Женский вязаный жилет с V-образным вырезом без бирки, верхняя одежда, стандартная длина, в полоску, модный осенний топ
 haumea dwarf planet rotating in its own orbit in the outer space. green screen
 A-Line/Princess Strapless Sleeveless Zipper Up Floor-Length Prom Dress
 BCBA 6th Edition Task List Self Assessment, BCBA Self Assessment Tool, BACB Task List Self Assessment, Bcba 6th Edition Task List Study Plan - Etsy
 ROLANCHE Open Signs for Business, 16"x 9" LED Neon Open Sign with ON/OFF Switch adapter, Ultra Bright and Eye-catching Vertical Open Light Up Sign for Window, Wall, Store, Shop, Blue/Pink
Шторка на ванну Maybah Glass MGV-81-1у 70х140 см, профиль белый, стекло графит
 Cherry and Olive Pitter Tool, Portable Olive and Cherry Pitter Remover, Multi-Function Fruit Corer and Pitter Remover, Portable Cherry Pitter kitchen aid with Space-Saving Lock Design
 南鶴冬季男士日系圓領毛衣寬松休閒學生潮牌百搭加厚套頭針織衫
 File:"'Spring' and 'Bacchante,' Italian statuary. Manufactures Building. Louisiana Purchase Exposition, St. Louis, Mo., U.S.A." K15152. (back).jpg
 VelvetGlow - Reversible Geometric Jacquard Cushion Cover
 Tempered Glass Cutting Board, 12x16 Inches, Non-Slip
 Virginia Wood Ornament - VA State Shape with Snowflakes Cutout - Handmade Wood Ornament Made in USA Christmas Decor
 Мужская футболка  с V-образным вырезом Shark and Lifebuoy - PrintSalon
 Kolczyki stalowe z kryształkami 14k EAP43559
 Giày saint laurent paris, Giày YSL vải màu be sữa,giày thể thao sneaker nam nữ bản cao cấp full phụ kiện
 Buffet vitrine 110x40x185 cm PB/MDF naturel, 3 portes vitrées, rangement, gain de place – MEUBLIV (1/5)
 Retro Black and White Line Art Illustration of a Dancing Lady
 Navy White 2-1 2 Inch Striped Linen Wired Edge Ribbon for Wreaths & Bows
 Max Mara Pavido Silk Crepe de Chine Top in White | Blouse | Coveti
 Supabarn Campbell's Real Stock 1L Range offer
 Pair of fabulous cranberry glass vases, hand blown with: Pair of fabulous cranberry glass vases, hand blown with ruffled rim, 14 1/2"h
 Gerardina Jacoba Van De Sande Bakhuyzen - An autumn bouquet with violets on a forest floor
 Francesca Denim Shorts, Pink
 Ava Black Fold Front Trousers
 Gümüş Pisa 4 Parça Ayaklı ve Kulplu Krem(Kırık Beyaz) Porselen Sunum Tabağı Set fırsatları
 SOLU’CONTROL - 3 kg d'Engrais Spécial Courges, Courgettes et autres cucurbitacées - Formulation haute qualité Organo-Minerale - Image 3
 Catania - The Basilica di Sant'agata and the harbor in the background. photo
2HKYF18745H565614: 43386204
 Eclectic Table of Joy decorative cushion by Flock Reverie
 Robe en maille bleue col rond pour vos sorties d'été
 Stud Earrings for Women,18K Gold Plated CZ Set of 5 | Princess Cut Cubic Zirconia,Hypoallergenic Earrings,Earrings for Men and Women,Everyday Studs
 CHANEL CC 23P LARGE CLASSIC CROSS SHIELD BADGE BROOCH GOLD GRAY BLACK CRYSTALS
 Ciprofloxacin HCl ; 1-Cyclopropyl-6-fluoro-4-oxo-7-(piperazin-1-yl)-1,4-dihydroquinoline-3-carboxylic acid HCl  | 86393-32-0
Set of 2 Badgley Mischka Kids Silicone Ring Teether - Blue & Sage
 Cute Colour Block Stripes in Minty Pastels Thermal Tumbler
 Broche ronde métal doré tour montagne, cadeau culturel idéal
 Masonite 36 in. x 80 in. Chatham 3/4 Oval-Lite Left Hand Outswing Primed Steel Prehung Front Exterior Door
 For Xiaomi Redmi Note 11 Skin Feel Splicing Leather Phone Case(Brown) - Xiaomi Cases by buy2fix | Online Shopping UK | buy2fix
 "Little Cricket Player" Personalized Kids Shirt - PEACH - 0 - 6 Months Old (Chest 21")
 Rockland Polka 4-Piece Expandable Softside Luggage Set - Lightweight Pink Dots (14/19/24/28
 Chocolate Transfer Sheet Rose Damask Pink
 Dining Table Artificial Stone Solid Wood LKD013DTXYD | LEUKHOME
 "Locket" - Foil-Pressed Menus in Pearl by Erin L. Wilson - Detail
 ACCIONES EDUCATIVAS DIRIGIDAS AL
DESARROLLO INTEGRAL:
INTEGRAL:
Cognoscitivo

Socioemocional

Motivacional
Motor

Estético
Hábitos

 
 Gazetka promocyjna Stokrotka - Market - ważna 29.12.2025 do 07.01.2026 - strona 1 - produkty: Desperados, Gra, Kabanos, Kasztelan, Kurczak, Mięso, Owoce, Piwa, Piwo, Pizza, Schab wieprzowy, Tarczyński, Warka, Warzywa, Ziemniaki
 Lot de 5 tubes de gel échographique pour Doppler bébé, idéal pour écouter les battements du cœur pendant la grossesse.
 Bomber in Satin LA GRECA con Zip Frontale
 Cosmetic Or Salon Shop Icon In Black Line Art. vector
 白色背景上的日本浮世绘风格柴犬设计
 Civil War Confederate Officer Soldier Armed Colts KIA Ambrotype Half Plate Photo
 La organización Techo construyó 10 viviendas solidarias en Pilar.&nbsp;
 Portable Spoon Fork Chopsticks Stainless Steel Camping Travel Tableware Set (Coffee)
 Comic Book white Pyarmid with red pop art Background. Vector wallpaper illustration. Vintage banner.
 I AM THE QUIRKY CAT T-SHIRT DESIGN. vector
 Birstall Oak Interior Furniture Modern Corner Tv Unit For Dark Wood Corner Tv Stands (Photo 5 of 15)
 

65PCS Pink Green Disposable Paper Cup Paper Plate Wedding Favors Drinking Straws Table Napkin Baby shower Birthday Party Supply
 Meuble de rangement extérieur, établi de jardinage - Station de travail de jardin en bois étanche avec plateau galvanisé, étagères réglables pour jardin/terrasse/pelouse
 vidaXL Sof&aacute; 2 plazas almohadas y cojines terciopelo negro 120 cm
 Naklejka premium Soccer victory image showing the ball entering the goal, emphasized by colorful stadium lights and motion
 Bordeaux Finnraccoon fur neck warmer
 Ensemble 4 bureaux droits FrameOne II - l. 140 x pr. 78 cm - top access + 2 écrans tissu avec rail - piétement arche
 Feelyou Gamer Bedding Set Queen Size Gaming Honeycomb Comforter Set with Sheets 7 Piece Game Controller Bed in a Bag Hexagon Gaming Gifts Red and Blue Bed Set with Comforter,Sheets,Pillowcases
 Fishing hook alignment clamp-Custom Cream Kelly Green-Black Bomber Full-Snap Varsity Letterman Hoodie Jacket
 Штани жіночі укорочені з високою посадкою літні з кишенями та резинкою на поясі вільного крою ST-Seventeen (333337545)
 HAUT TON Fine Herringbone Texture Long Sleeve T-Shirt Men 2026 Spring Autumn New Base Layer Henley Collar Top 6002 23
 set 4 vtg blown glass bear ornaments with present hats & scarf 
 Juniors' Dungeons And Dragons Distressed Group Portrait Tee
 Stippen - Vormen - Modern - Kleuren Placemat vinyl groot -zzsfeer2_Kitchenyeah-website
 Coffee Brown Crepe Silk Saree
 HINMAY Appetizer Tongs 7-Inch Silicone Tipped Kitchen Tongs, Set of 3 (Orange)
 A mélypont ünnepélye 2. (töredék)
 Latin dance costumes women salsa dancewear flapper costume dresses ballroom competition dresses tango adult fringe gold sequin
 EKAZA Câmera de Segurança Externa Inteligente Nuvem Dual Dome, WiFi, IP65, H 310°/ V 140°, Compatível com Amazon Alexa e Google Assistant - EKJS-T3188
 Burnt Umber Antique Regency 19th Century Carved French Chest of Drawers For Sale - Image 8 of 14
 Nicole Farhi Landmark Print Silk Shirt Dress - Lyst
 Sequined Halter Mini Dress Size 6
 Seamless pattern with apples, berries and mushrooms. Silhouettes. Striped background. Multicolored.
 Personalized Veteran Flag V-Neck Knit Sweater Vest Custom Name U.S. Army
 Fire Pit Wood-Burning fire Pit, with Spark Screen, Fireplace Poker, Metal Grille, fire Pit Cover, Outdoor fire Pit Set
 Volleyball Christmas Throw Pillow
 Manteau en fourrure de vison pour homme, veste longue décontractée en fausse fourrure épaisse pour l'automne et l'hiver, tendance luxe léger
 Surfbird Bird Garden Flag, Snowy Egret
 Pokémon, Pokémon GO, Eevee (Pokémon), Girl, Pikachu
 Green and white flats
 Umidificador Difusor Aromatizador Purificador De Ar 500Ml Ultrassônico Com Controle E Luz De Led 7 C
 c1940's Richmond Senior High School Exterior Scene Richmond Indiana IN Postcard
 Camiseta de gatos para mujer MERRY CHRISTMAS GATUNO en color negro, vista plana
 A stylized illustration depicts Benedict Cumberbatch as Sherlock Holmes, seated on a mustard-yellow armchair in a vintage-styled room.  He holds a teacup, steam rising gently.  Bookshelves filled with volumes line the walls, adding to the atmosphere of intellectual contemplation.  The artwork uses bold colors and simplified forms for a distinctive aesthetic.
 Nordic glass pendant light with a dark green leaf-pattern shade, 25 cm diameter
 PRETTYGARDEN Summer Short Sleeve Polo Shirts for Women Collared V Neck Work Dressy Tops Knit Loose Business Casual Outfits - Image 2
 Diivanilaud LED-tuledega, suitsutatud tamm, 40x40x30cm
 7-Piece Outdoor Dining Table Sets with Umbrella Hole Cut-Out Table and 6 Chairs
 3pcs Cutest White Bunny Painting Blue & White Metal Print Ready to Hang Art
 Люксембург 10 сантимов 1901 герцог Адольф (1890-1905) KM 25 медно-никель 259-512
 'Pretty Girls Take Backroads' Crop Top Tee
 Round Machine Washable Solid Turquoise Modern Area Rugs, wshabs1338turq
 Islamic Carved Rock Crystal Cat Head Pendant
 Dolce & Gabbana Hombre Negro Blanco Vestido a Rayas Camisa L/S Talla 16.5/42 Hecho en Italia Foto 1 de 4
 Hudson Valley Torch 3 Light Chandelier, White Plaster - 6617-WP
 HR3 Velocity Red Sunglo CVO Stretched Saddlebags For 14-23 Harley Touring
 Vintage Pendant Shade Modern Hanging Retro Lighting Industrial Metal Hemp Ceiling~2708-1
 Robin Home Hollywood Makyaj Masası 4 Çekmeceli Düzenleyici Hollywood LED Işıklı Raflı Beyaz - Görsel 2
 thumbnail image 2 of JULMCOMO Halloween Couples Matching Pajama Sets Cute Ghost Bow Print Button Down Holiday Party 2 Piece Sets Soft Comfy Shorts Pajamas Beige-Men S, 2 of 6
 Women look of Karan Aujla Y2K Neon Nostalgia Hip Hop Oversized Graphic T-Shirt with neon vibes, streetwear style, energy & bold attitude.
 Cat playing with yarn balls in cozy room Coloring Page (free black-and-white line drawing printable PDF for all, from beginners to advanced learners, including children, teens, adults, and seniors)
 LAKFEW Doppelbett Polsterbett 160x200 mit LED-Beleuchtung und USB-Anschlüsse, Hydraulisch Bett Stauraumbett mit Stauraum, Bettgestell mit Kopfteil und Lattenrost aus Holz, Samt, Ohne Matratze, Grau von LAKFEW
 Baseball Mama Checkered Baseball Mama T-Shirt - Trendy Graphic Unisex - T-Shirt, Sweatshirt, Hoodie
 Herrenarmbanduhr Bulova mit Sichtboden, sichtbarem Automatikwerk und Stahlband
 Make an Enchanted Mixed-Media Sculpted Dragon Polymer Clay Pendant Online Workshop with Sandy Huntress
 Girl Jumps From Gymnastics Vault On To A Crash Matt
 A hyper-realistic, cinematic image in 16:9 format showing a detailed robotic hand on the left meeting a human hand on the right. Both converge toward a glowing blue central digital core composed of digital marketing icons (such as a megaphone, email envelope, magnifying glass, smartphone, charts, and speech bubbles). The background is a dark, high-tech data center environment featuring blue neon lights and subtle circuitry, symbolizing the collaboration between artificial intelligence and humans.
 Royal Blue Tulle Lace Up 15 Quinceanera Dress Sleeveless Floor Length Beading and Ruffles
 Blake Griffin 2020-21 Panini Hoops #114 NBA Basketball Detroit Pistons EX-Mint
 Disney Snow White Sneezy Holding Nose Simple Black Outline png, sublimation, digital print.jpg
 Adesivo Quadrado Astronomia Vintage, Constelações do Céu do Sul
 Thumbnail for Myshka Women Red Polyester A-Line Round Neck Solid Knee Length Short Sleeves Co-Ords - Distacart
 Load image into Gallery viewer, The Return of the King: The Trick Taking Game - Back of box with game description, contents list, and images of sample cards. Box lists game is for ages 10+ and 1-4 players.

> Exercise description: Across the whole listing above, state how many lines contain "вырезом". Only the number is wanted.

> Your response: 2